Image-text web data
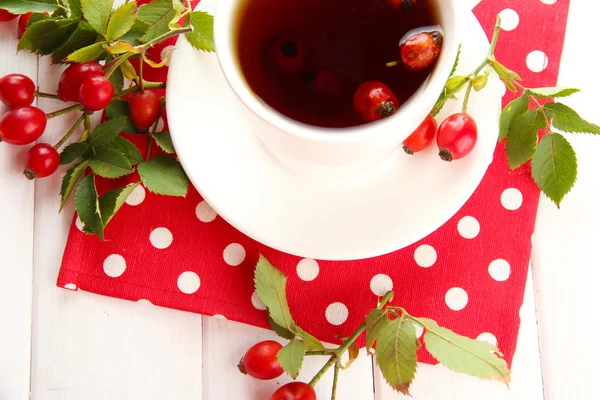 Tasse de thé aux roses de la hanche, sur une table en bois — Photo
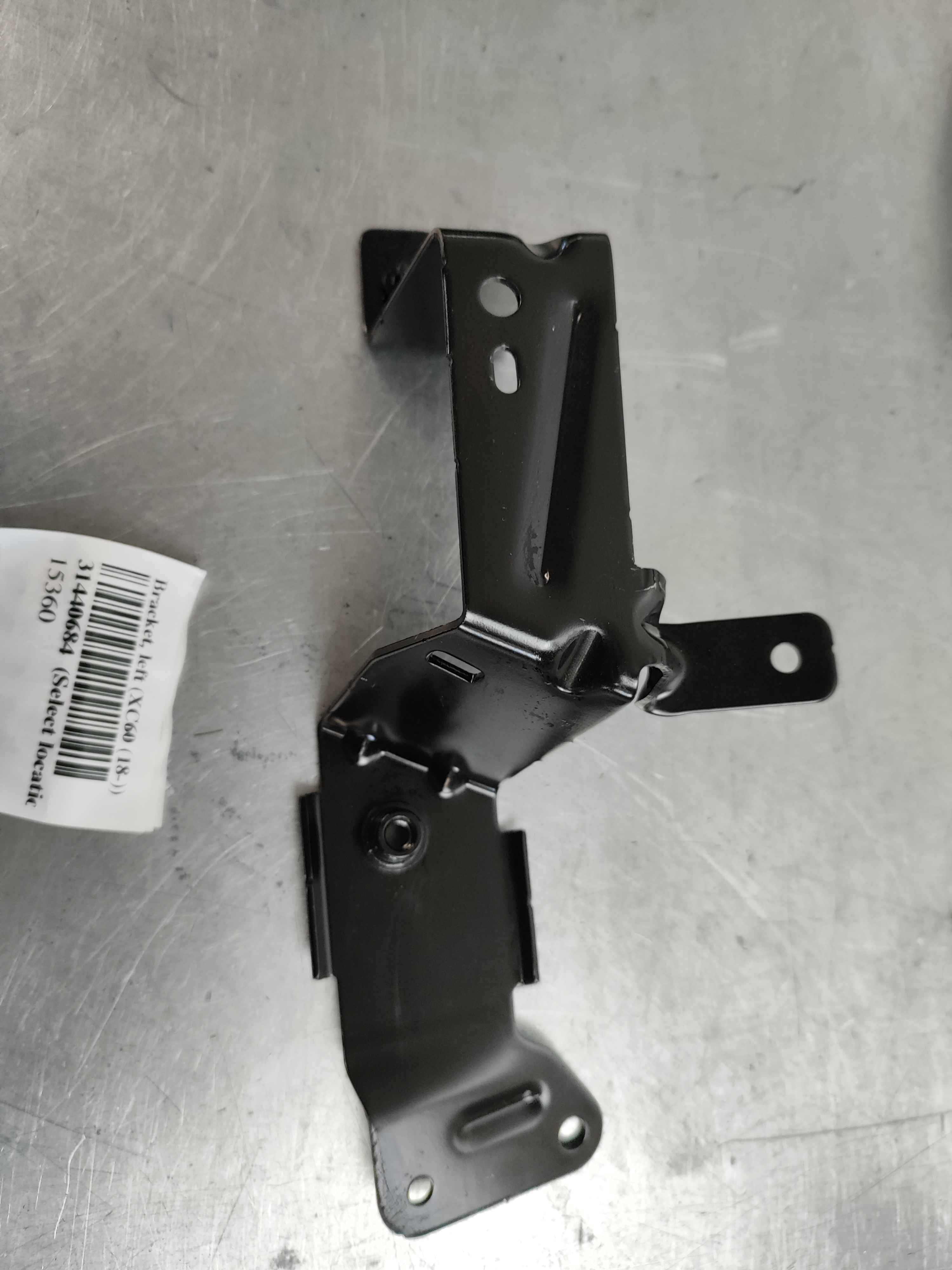 Bracket, left (XC60 (18-))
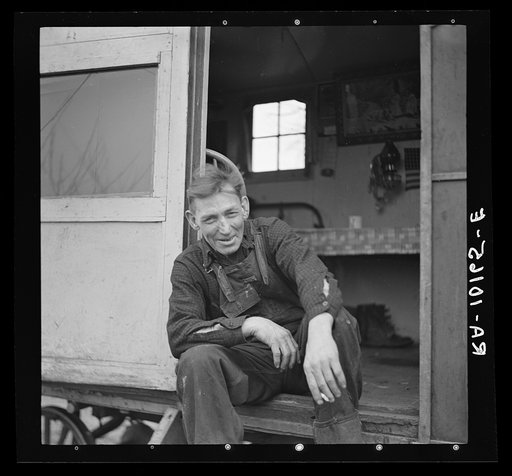 Drunken fisherman in front of his trailer home. Ottawa, Illinois
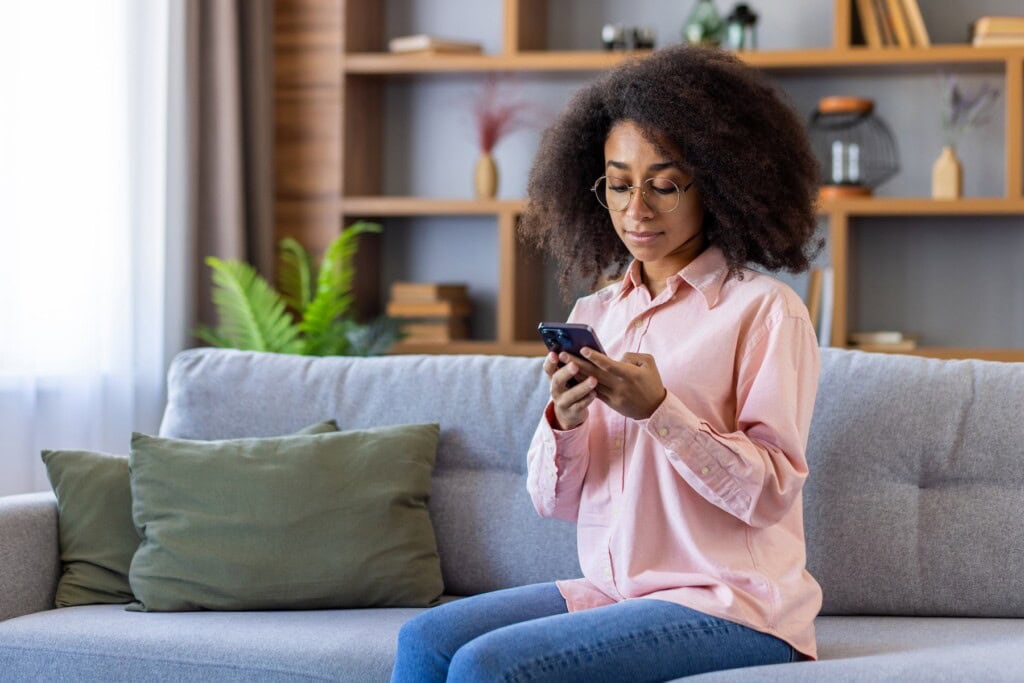 Woman using phone sitting at home in living room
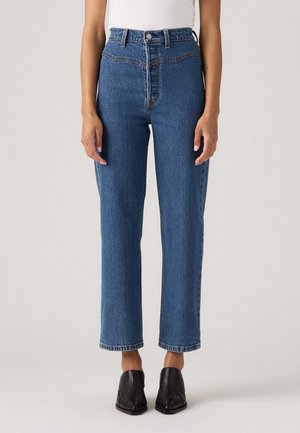 Femme portant un jean bleu taille haute, coupe droite, associé à des chaussures noires à bouts pointus, debout sur un fond clair uni.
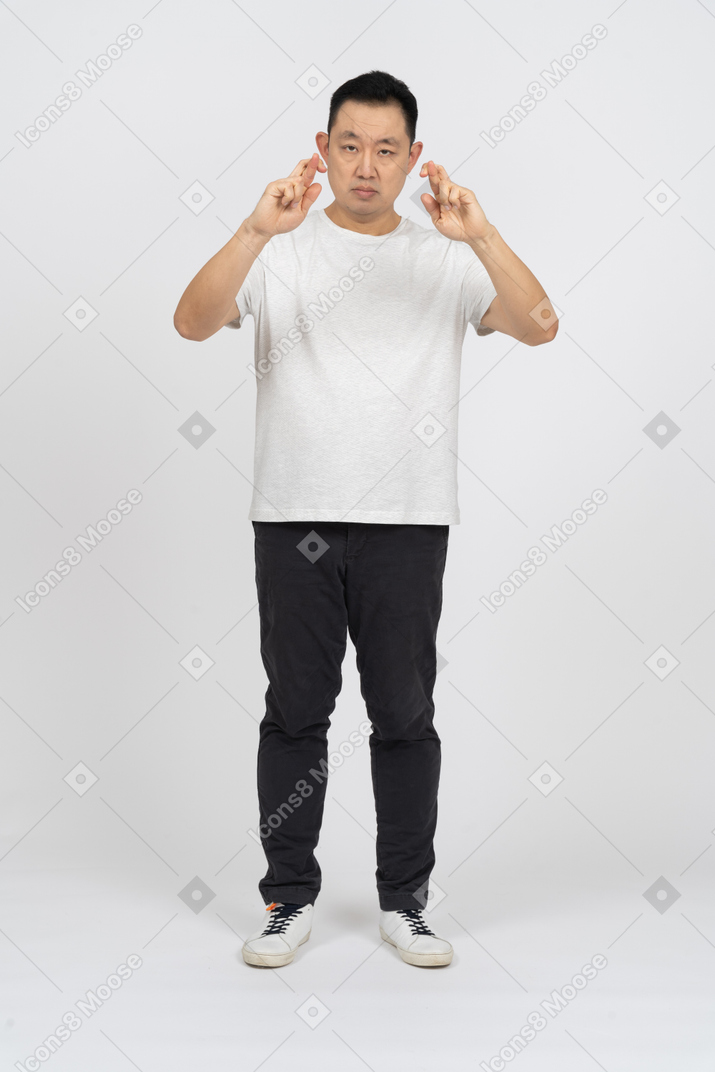 Front view of a man with crossed fingers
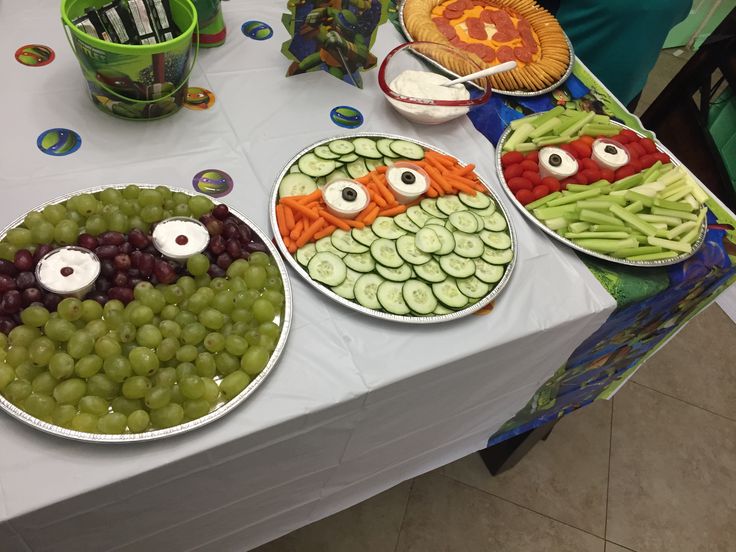 three plates filled with food on top of a table covered in grapes and cucumbers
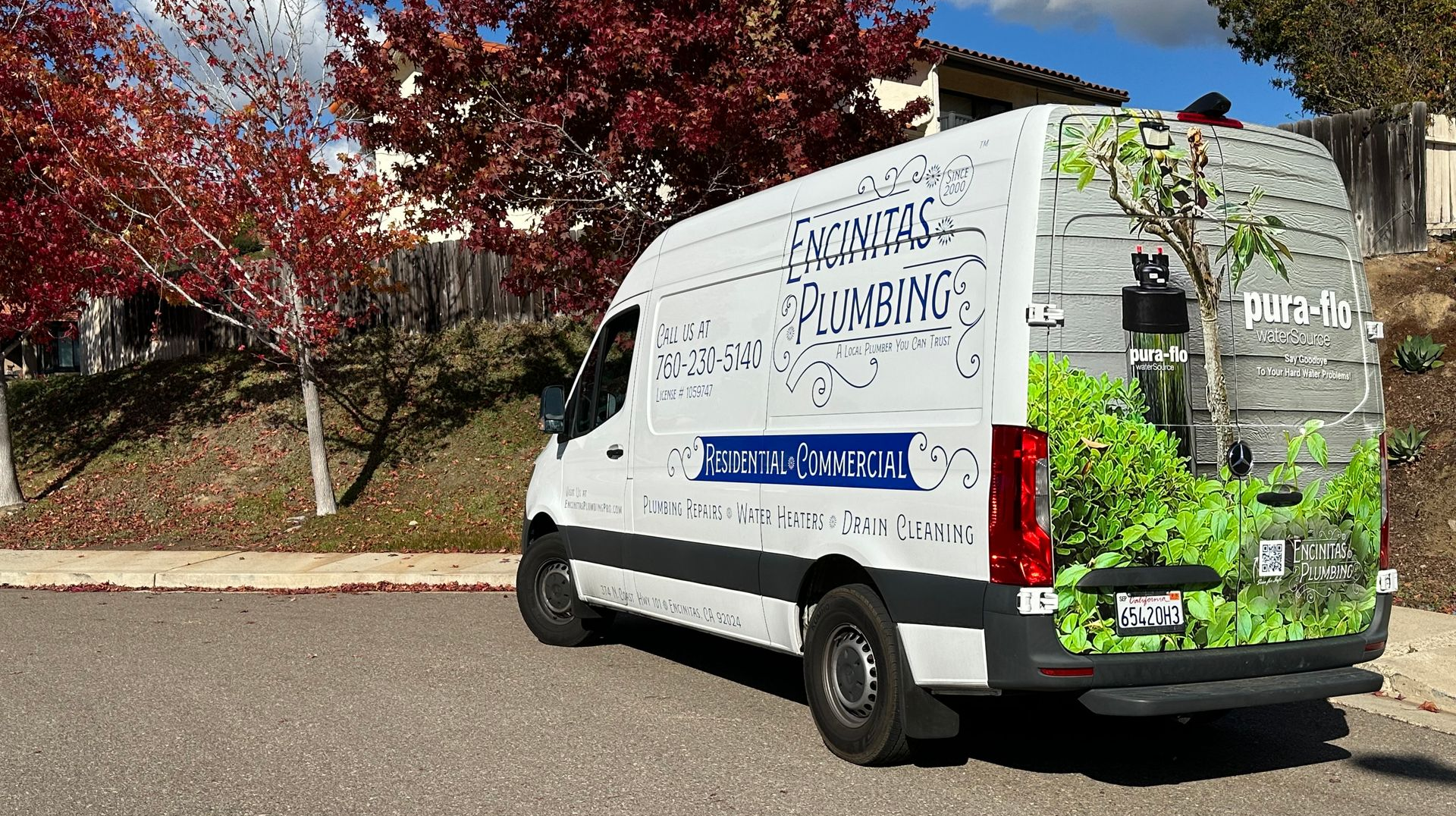 Encinitas Plumbing service van parked in a North County San Diego neighborhood while providing residential plumbing services.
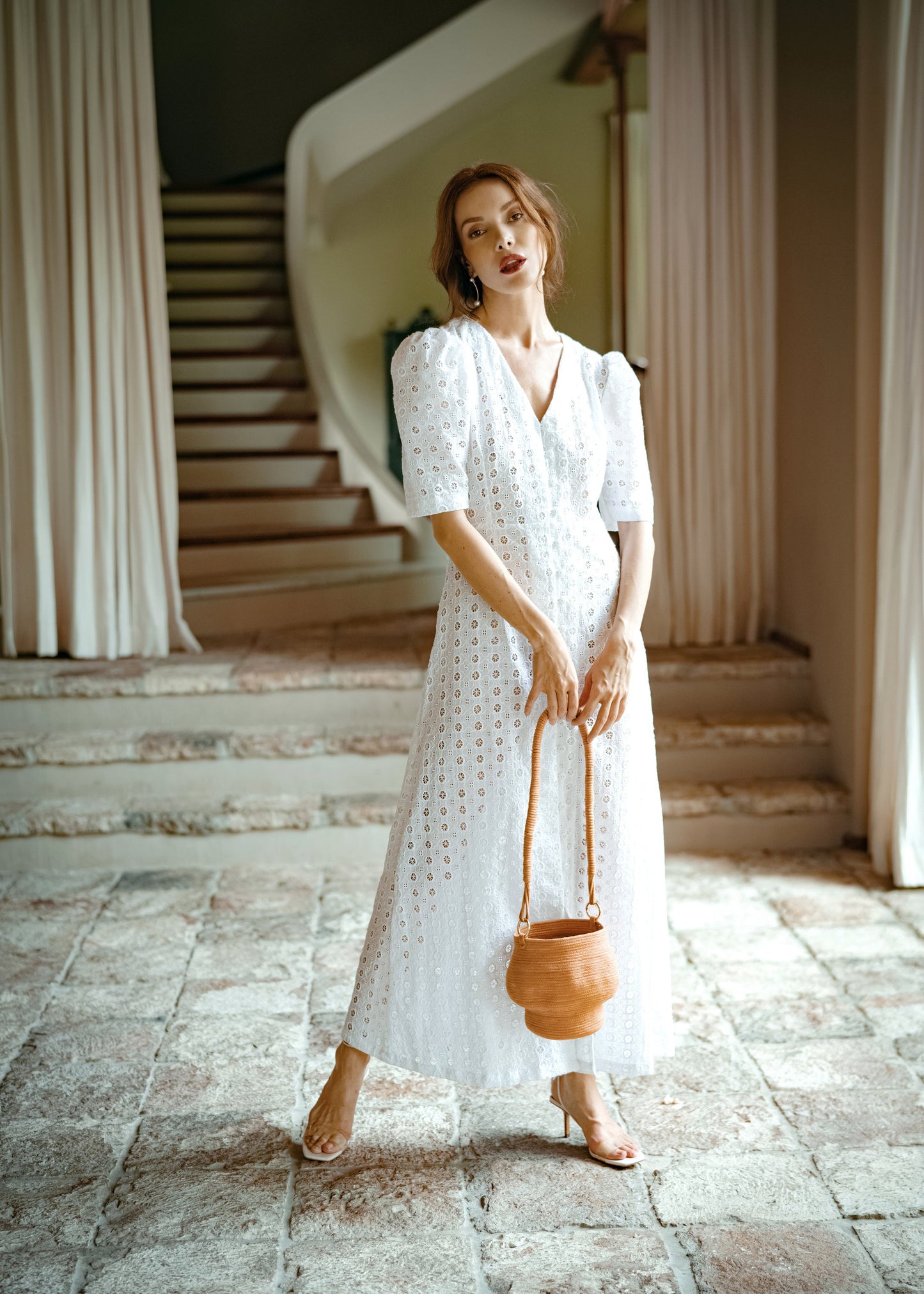 Woman in a white embroidered cotton maxi dress with puff sleeves, holding a brown leather bucket bag in a sunlit stone foyer.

• What to work on:
Your task is to copy the entries in full and exactly, without any images.

• Exercise solution:
 Tasse de thé aux roses de la hanche, sur une table en bois — Photo
 Bracket, left (XC60 (18-))
 Drunken fisherman in front of his trailer home. Ottawa, Illinois
 Woman using phone sitting at home in living room
 Femme portant un jean bleu taille haute, coupe droite, associé à des chaussures noires à bouts pointus, debout sur un fond clair uni.
 Front view of a man with crossed fingers
 three plates filled with food on top of a table covered in grapes and cucumbers
 Encinitas Plumbing service van parked in a North County San Diego neighborhood while providing residential plumbing services.
 Woman in a white embroidered cotton maxi dress with puff sleeves, holding a brown leather bucket bag in a sunlit stone foyer.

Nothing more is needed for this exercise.